A loud clamour startled me as the clanging telegraph demanded the first movement: HALF ASTERN. I froze. The jangling persisted until an arm festooned with gold braid materialised above my left shoulder, and a hand on the end this bras d'or, aligned the brass handle to the green indicator.

The ringing stopped. The Chief's pudgy finger jabbed at the astern manoeuvring wheel. "Open that valve . . . NOW!"

Panic-stricken, I clutched the valve wheel rim and pulled frantically for all my worth. Nothing happened.


I heaved in the opposite direction. Nothing happened. The Chief blasphemed as he gave the wheel a quick practised jerk. The valve opened smoothly.

"KEEP OPENING IT UNTIL THAT GAUGE READS ONE HUNDRED POUNDS!" he bawled over the astern turbines' throaty whine. Opening the valve further increased the noise in volume and pitch. The engine room shuddered like forty road rollers trundling along a cobbled street. The port shaft tachometer read 80 rpm astern.

"All right . . . Keep her there lad," ordered the Chief, his voice softer with encouragement. Much, much later, I was to discover that this gentleman's aplomb became enriched with diplomacy when dining with our first-class passengers.

I risked a quick glance around the engine room. Handrails, gauges, lights and floor plates were quivering with the tremendous vibration. Great billows of steam surged from the howling turbines. The starboard engine remained at rest. I swivelled my head back, just in time to catch the next engine movement: STOP. I answered the telegraph promptly and quickly closed the astern valve. I glimpsed around, feeling quite smug now that I'd the hang of it.

"The ahead wheel mister!" called the Chief.

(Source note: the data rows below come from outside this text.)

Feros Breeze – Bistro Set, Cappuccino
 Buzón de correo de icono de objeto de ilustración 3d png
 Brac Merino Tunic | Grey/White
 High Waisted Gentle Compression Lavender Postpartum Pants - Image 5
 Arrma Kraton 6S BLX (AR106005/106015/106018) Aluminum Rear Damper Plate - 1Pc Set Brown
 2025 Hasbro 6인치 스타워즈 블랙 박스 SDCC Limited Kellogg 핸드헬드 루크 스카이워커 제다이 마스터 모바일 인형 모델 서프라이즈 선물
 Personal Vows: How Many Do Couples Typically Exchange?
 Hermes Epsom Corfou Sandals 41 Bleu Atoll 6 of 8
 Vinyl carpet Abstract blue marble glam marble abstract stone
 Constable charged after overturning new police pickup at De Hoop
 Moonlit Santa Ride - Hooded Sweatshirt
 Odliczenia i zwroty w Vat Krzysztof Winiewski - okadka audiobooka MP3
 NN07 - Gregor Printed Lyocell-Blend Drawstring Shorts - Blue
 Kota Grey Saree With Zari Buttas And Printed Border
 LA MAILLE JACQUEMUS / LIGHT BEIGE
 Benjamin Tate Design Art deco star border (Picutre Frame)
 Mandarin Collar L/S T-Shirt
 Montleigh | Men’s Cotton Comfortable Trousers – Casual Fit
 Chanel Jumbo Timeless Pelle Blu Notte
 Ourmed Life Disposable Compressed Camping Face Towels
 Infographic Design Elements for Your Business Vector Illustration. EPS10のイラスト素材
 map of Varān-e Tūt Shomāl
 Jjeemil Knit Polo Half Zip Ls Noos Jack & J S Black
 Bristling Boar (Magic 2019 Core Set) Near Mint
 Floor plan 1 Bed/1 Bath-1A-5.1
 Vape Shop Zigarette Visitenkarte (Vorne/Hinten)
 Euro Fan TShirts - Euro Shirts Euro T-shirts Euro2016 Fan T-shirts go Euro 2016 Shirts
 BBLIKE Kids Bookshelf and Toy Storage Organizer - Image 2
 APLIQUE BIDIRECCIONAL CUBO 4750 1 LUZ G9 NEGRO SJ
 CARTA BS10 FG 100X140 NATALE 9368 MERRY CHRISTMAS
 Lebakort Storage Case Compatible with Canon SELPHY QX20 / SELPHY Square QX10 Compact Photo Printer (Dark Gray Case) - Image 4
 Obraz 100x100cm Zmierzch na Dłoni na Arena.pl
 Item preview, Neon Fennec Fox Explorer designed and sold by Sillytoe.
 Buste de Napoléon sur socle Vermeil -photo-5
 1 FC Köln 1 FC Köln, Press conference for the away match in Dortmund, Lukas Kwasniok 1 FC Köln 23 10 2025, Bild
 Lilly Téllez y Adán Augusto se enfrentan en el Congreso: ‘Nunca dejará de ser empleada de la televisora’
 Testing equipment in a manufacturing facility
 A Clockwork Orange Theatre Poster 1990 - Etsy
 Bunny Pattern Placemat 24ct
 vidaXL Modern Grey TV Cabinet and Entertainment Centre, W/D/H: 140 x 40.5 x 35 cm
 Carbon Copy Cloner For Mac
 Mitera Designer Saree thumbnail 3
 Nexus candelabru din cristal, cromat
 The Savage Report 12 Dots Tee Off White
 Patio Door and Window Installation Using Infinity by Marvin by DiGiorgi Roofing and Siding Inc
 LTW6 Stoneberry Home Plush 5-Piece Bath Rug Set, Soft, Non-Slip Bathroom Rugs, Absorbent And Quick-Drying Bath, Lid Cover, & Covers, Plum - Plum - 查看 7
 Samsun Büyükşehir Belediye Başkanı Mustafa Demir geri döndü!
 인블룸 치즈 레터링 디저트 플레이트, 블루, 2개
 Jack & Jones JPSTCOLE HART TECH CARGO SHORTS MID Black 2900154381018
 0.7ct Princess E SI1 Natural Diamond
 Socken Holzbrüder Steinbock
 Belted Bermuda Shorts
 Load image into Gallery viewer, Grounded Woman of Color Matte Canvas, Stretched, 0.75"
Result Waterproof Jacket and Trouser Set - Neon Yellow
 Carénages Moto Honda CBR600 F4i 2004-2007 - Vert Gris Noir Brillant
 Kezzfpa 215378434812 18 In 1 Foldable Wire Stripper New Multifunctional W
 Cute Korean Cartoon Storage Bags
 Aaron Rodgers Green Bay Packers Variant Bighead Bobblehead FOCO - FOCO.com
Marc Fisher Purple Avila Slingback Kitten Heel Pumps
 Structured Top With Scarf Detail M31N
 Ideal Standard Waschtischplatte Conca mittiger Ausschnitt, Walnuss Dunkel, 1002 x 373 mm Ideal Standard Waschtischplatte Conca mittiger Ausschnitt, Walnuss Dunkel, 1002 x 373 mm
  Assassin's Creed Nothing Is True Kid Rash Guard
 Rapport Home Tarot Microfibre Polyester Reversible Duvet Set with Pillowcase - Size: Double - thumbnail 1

The puzzled look on my face brought the Chief back to my side. He eased the ahead manoeuvring wheel open. "Look," he instructed, gesturing at the tachometer. "Momentum is still spinning the turbines astern. You have to brake them by using the ahead wheel."

"Ok Chief."

The next movement commanded full astern. With immediate response I introduced steam to the turbines.

"THAT'S BETTER!" yelled the Chief.

Sound and vibration built to a crescendo until the telegraph jangled STOP minutes later. I reacted smartly and spun the astern wheel shut. Lending my full weight to the ahead wheel, I gave it a great heave. The valve spun open with sudden force. The uproar ceased quite suddenly. I gulped and hesitantly peered aft. Totally unconcerned, everybody was attending to their duties. This seemed to be the norm, except to me. Fuelled by adrenalin my heart thumped with excitement. Here I was, not yet twenty-one years of age, having the experience of a lifetime taking a major role in the operation of the famed Queen Mary!

Some time later after being relieved, I got the chance to observe our departure from Boat decks. The liner lay midstream in the River Test, just opposite Hythe with her bow pointed down Southampton Water. The tugs, released from their task, chugged jauntily back to their berths. A chocolate milkshake frothed from the massive propellers even as they barely spun.

In an hour or so, the telegraphs would ring FULL AWAY, and RMS Queen Mary would sail majestically down the Solent past the Isle of Wight on a new adventure.